Her second zine, Diasporic Threads: Black Women, Fibre and Textiles (written with Dr Sharbreon Plummer of Ohio State University), will highlight black women's contribution to art and history through textiles and will be based on research into intersections of race, art and cultural memory.
This collaborative project, to be published by Laura through Common Threads Press, is likely to create a young and new audience for historical and contemporary textiles in a fresh, exciting and affordable format as zines.
The second award of £1,000 went to Jennifer Monahan's proposal Spinning a Yarn: The women spinners of Norfolk's medieval textile industry. Her aim is to research the roles of these unsung heroines of Norfolk's famous worsted industry, women whose continuous production of finely-spun yarn was essential for the weavers but remains largely unrecognised. She also plans an in-depth study of the local industry, weaving using authentic techniques, setting -up an online blog and involving colleagues in practical archaeology.
About Geoffrey Squire
Geoffrey Squire (1924-2011) retired to Norfolk after a long and varied career in London as a designer, educator, historian, author and scholar. Theatre design, and the history of fine and applied arts, especially textiles and costumes, were his passions, and he was one of the founder members of the Costume Society and an early vice-president.
In Norwich he met fellow textile and costume historians Pamela Clabburn and Helen Hoyte, both of whom very involved with the Costume and Textile Study Centre (CTSC) and with C&TA.
Geoffrey became a valued volunteer at CTSC and a regular and popular lecturer there. He also contributed a series of lively and erudite articles for the C&TA Newsletter (the fore-runner of Miscellany).
His writing was both informed and perceptive, and his book Dress, Art and Society (Studio Vista, 1971), now out of print, remains to this day on the V&A reading list. A review of his unpublished manuscript Masculine Habits, 1850-1970 appears in the 2015 issue of Miscellany.

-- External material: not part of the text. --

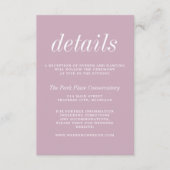 真のシンプル2藤パープル結婚ミニマルズ エンクロージャーカード (正面)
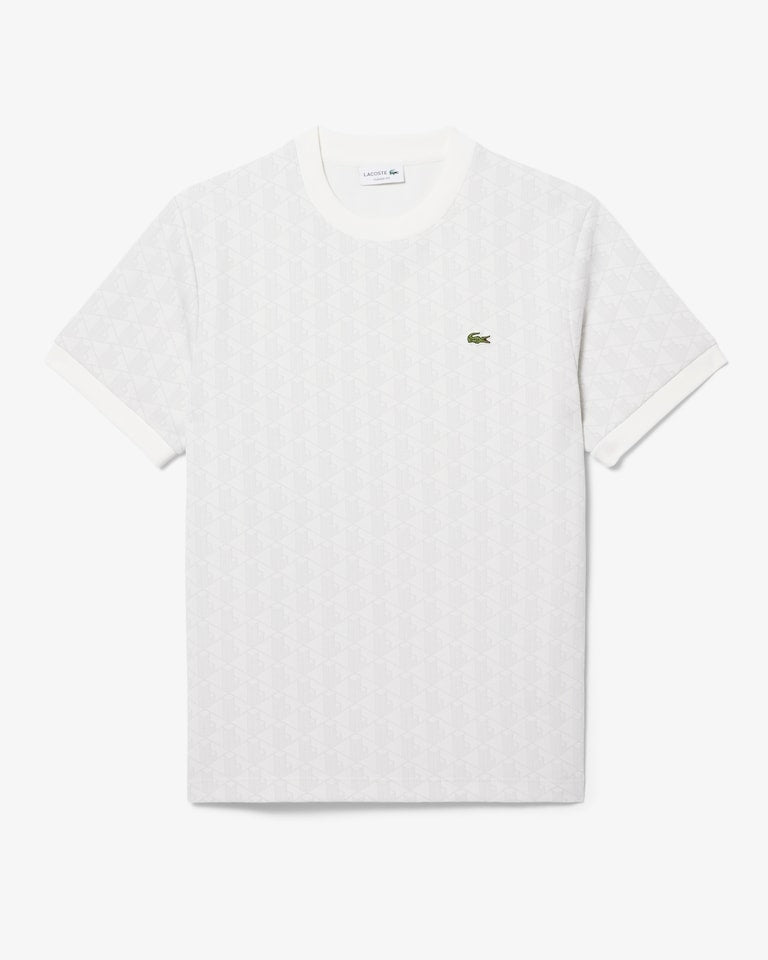 T-shirt slim fit con monogramma jacquard<BR/><BR/> TH1197 4IW LACOSTE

Following his death in 2011, the C&TA received an astonishingly generous legacy.
In 2014, C&TA used £3,000 of our legacy to underwrite the very successful Geoffrey Squire Memorial Competition exhibition 'Silvery Threads' and a biennial bursary in his name was launched in 2017 to support and encourage research and study in the fields of costume and textiles.
Geoffrey Squire lies at rest in a quiet Norfolk churchyard. We will continue to honour with gratitude the memory of this remarkable and generous benefactor.
Inaugural award winners, 2017
In 2017 the inaugural award went jointly to Aviva Leigh and Dr. Michael Nix, pictured at the presentation of their research in October 2018.
Michael Nix's research related to the export of Norwich textiles in the 1700s when the industry was at its most successful, and involved travel to Paris to study the Moccafy manuscripts held at the Bibliothèque Forney.
Gian Batta Moccafy was a Piedmontese merchant who toured Europe to visit textile manufacturers and collect patterns with a view to recreate them in Piedmont. Dr Nix's research has given us a greater knowledge of Norwich's global trade in textiles in the 18th century In 2023, with the help of the bursary, he published a comprehensive history of Norwich Textiles: Norwich Textiles: Global Story, 1750-1830.
Aviva Leigh and Michael Nix worked together on a technical analysis of the fabric swatches in the early Norwich Pattern Books and Aviva reconstructed several examples of the patterns, weaving sufficient cloth to make a gentleman's waistcoat (worn here by Michael, pictured with Aviva). This gives us a greater understanding of the methods used to create 'Norwich Stuffs” and a sense of how the pieces would have appeared and felt.